Por eso gusta la campaña electoral, esta otra saga que hoy termina —a Dios gracias—, por dejarnos atisbar lo más primitivo y animal de nuestra condición. Aun aburrida y plúmbea —como las óperas de Wagner— es una historia de codicia, de dominio. No se dejen engañar con cuentos de transparencia, programas, proyectos, objetivos, deudas históricas o localismos. Estas dos semanas han escenificado la lucha por sentarse en el trono de la ribera del Pisuerga y convertirse en los poseedores del anillo nibelungo.

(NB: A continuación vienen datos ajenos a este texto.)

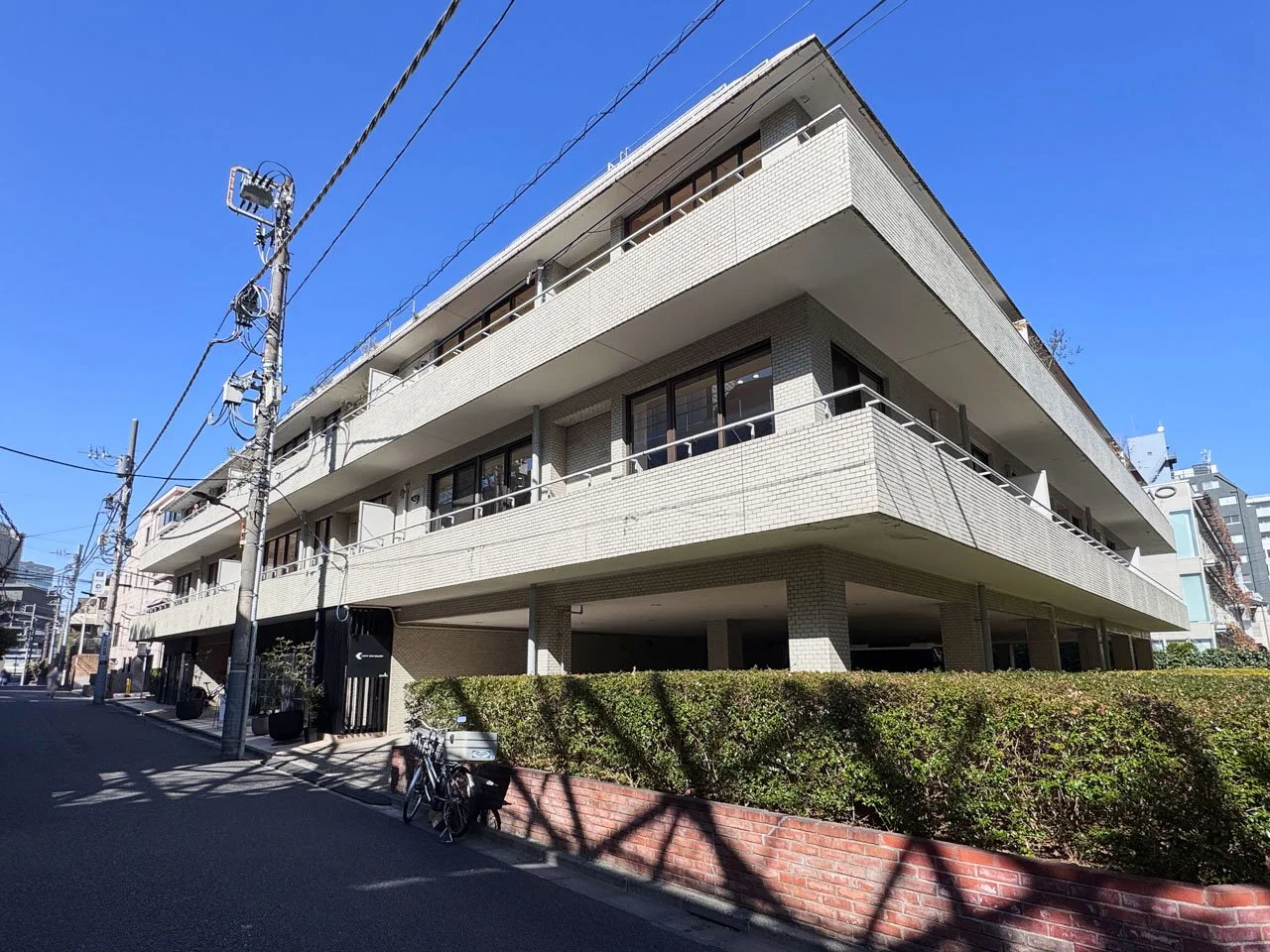 フラット青山 1 オフィスビル外観 2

Y si algo se aprende de las analogías literarias es que no hay contendientes puros de corazón, no hay Prometeos en busca del fuego. Mueve la venganza, el orgullo, o lo que es peor, como a Sigfrido en el Ocaso, tan solo las pueriles ganas de jugar, cambiando el poder por un caballo, ajeno a su dorado fulgor no por rectitud moral sino por ingenuidad, dejando promesas fallidas, herencias soñadas, esposas traicionadas o hermanos apuñalados.

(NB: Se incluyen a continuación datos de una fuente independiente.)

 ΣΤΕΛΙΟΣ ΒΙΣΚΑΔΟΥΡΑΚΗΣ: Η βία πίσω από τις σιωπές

El domingo solo nos quedará saber quién acabará como el cándido héroe, alanceado por la espalda, quién hará de suicida valquiria arrojándose a las llamas, quién de desolada Gutrune, compuesta y sin novio, quiénes serán los dioses que desde el Valhalla miren todo creyendo seguir controlándolo sin darse cuenta de que están presenciando su derrota. Como en cualquier ocaso, en cualquier fin de la Historia, no podrá haber ganadores. Alguien me dirá que quizás las ondinas, que recuperan el oro y el anillo de él forjado y lo devuelven al fondo del río. Pero no olviden que el enano Alberich, la metáfora más perfecta de lo putrefacto y ruin, de la ambición y el poder, sale vivo de la obra. Y que sabe nadar. Es decir, que quizás la historia, toda la saga, puede volver a empezar de nuevo.